Prompt:
Within the listing below, give again exactly the lines between the one containing "TVアニメ「後宮の烏」ノンク" and the one containing "রহমত শেষে মাগফিরাতে ভিজবে বিশ্ববাসী", inclusive, pictures left aside.

Records shown:
=======
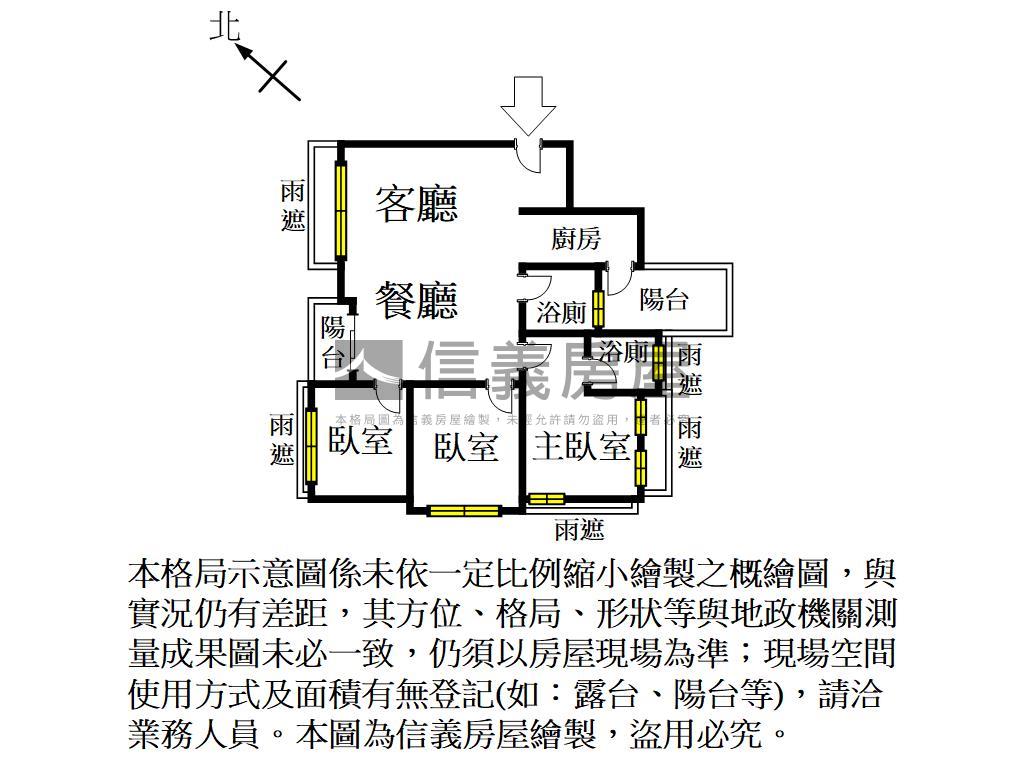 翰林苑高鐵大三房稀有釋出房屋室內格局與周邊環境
=======
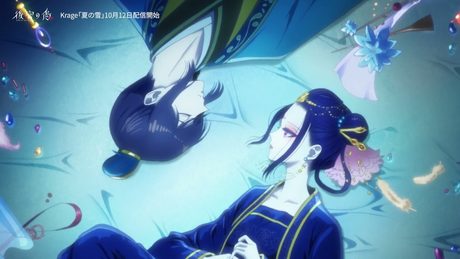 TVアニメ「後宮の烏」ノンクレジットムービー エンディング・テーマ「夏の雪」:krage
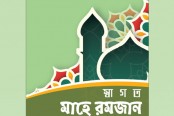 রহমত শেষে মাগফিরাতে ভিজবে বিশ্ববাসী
=======
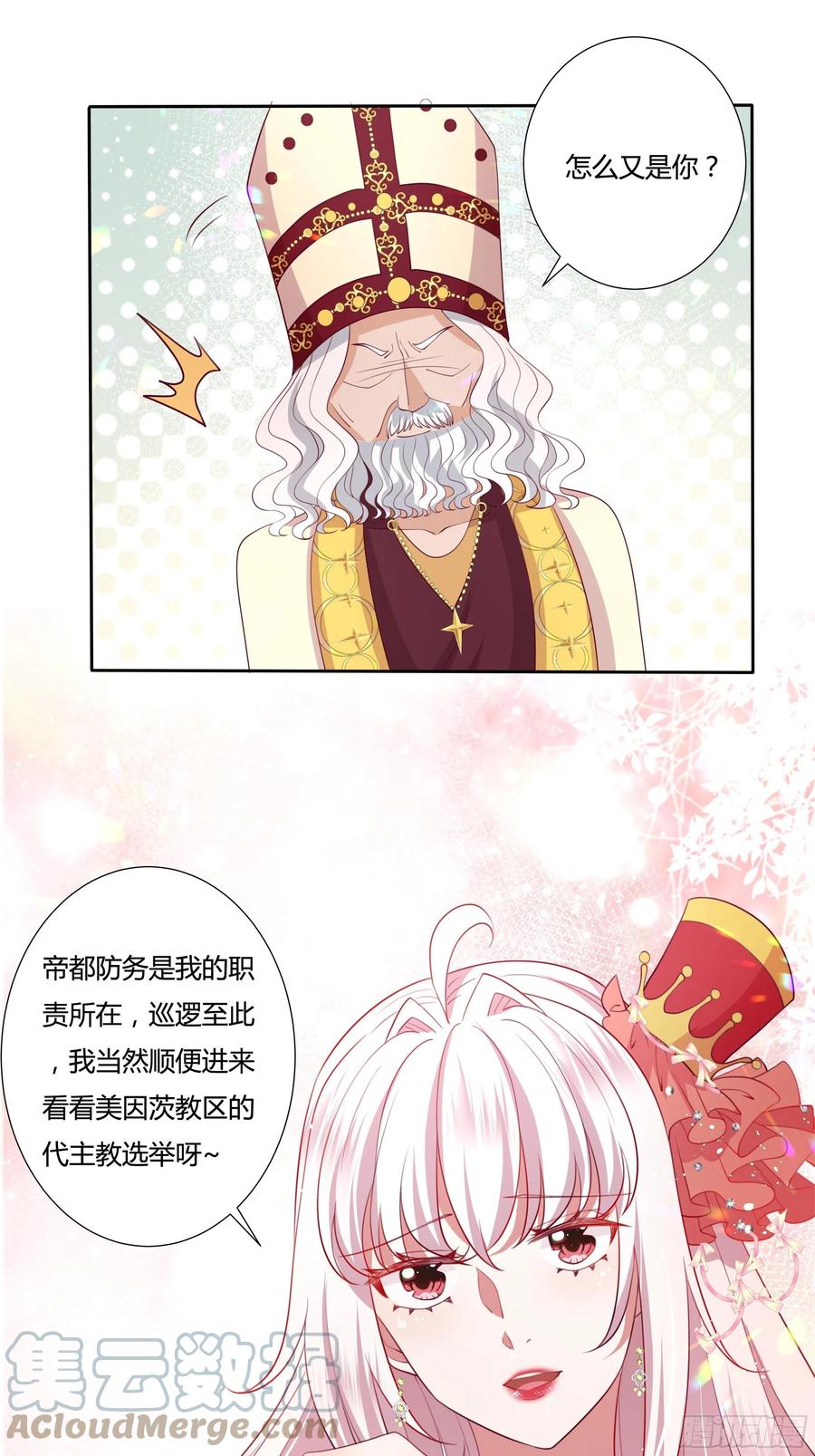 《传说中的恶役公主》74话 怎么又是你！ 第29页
=======
Written response:
 TVアニメ「後宮の烏」ノンクレジットムービー エンディング・テーマ「夏の雪」:krage
 রহমত শেষে মাগফিরাতে ভিজবে বিশ্ববাসী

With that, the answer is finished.